Cette annonce arrivant au lendemain d’une visite de la délégation canadienne à Washington dans le cadre de la révision de l’ACEUM, il est difficile de ne pas y voir un lien de causalité… En effet, les États-Unis avaient fait savoir publiquement que les dispositions du CRTC, et plus globalement la Loi sur la diffusion continue en ligne, constituaient un irritant majeur dans les négociations en cours pour le commerce avec le Canada.

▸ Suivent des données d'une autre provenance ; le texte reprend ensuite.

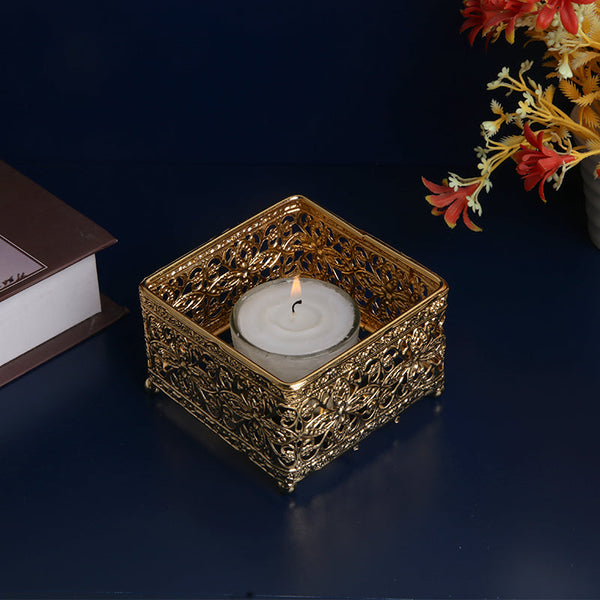 Forside Home Candle Holder - waseeh.com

Il faut reconnaître que la mise en œuvre de cette contribution de 15 % s’annonçait compliquée, les plateformes ayant déjà annoncé leur volonté de contester l’affaire devant les tribunaux. Il n’en demeure pas moins que la dimension symbolique de renoncer à ce règlement, après avoir déjà annulé la taxe sur les services numériques il y a quelques mois, est difficile à recevoir et interroge sur des enjeux plus larges que le commerce, comme la souveraineté du Canada et du Québec dès qu’il s’agit de dossiers liés au numérique.
« C’est un coup dur pour le moral ! Ce sont des mois de travail, de représentations, de mémoires, d’audiences pour obtenir une contribution obligatoire équitable pour les plateformes, et cela s’efface soudainement », déplore le directeur général de la SARTEC, Laurent Dubois. « Bien sûr, nous comprenons qu’il fallait faire baisser la température des relations commerciales avec les États-Unis, mais cette annonce nous coupe les jambes, car elle nous laisse croire que notre industrie n’est qu’une monnaie d’échange. Les plateformes ont sabré le champagne sur notre dos hier soir. »
De l’argent public pour combler le manque
En renvoyant le CRTC faire ses devoirs et en lui ordonnant de soumettre une nouvelle proposition de règlements, le gouvernement canadien crée un manque à gagner financier qu’il décide de faire payer par les Canadiennes et Canadiens eux-mêmes en injectant la somme conséquente de 600 millions de dollars par année, prise à même le budget de l’état.
« Cette aide va nous permettre de respirer un peu, c’est certain ! » précise Chantal Cadieux, autrice et présidente de la SARTEC. « Notre industrie est en grande difficulté et ces sommes aideront, le temps qu’elles dureront, même si, pour le moment, nous ignorons encore de nombreux détails de ce déploiement financier. Cela étant, nous continuerons à réclamer un cadre qui oblige tous les diffuseurs œuvrant au Canada à contribuer équitablement et de manière pérenne à la vitalité et au rayonnement de notre secteur. »
La SARTEC continuera à s’impliquer dans tous les travaux qui permettront au CRTC de présenter une deuxième version de son cadre réglementaire, et réaffirme le rôle essentiel de cet organisme et de son indépendance.